Kampuchean Federation of Trade Unions
- Founded: 1979
- Dissolved: 1999
- Headquarters: Phnom Penh
- Location: Cambodia;
- Members: 62,000 (1983)
- Key people: Men Sam An, chairwoman
- Affiliations: World Federation of Trade Unions

= Kampuchean Federation of Trade Unions =

The Kampuchean Federation of Trade Unions (abbreviated KAFTU) was a trade union centre in the People's Republic of Kampuchea (present-day Cambodia). In the official PRK discourse, KAFTU was referred to as "the training school of the working class for economic and administrative management". KAFTU was affiliated to the World Federation of Trade Unions.

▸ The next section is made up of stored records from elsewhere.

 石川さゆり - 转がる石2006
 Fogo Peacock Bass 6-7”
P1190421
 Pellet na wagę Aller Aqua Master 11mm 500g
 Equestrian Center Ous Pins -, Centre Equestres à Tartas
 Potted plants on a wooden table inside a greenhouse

The organization was founded in 1979. It was one of the major mass organizations during the PRK period, and it was a key constituent of the Kampuchean United Front for National Construction and Defence. During the PRK period, workers paid one percent of their income to the trade union movement.

The organization opened its first congress on December 7, 1983. 302 delegates and 160 observers participated in the event. As of December 1983, KAFTU claimed a membership of around 62,000. The membership was mainly based amongst civil servants. KAFTU also organized workers in the rubber plantations and industries, such as weaving factories, flour factories, liquor factories, bar soap enterprises and glass factories. As of 1989, Men Sam An served as chairwoman of KAFTU and Lay Samon as vice chairman.

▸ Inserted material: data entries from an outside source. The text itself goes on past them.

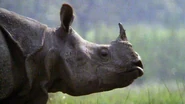 Wildest India (2012)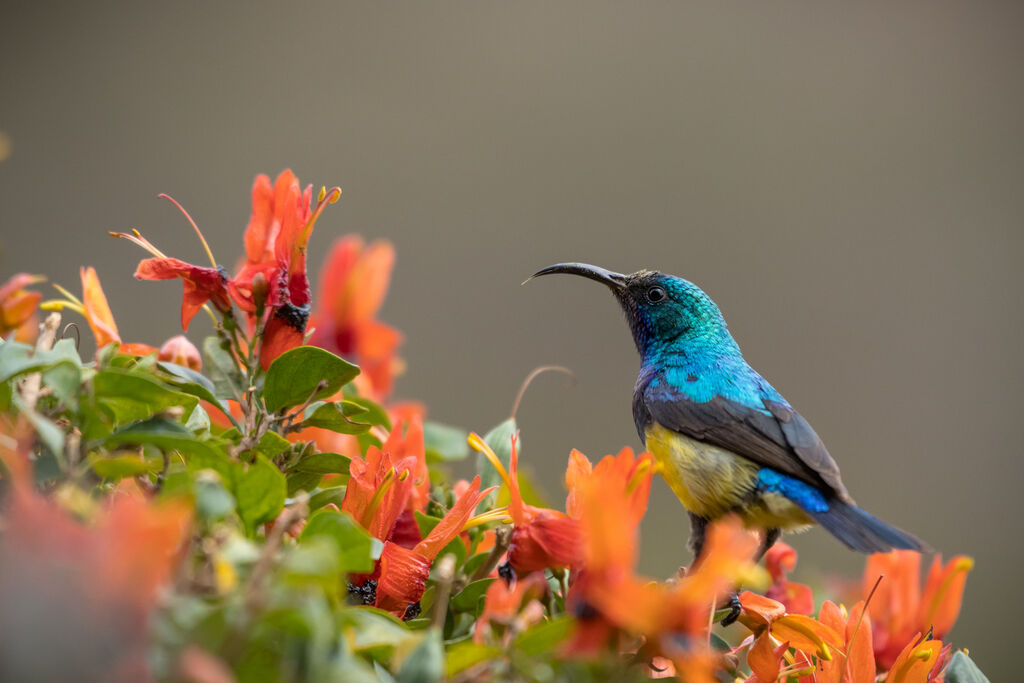 Variable Sunbird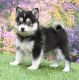 Pomsky Puppies for sale in Lewiston, ME, USA. price: NA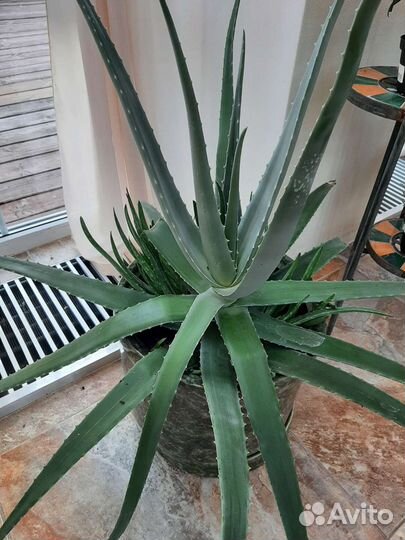 Алоэ вера детки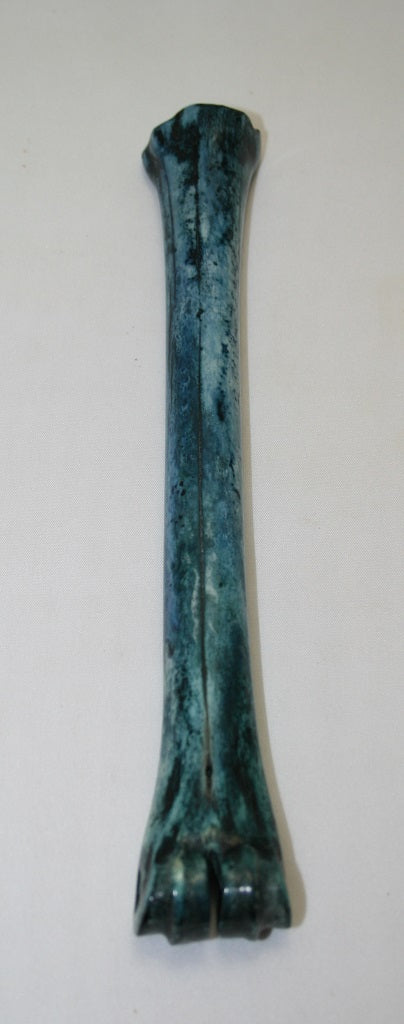 NB801LT6 Impala Bone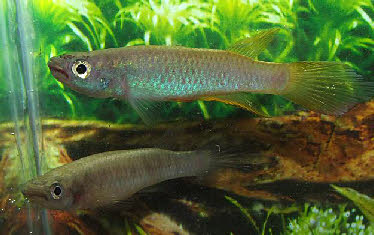 Epiplatys infrafasciatus Zenkeri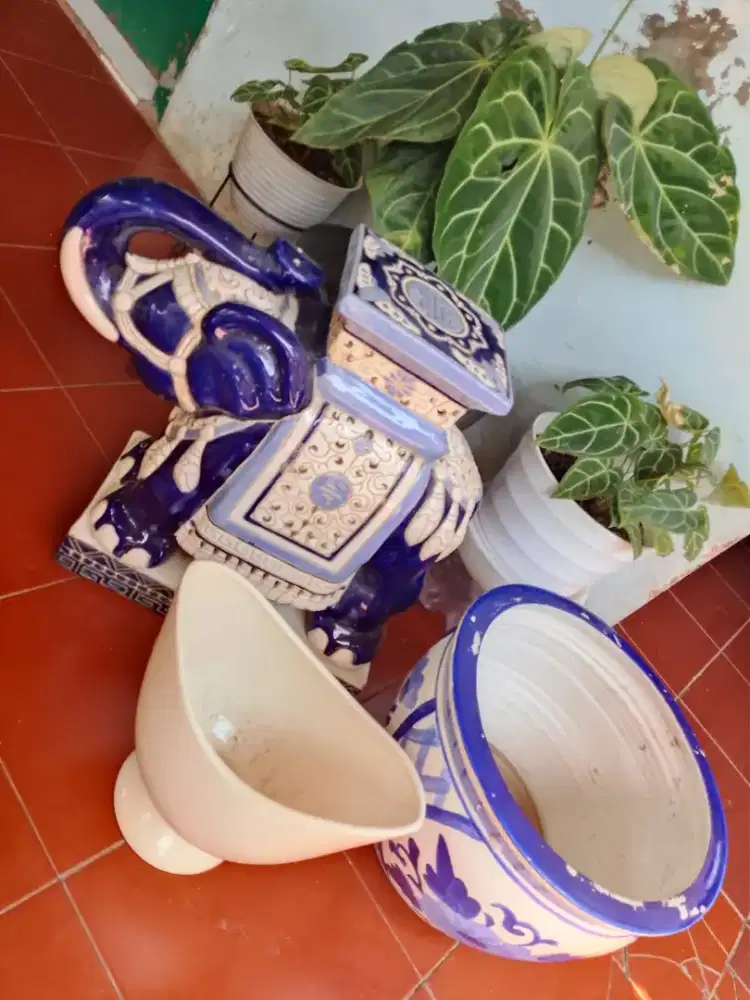 Jual pot buat pajangan masih bagus semuanya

As of 1993, KAFTU has become dormant. The last congress of the organization had been held in 1989. It was still the sole trade union organization in the country, however. In a later response to the struggles of garment industries' workers in the new capitalist economy, the organization began to reorganize itself (as the 'Cambodian Federation of Trade Unions'). It began to distribute membership cards again, particularly amongst garment, winery, port and transport workers. As of the mid-1990s, Men Sam An (the highest-ranking woman within the ruling Cambodian People's Party at the time, later the Deputy Prime Minister of the country) was still the head of the organization. In 1999 the organization was substituted by the Cambodian Federation of Independent Trade Unions.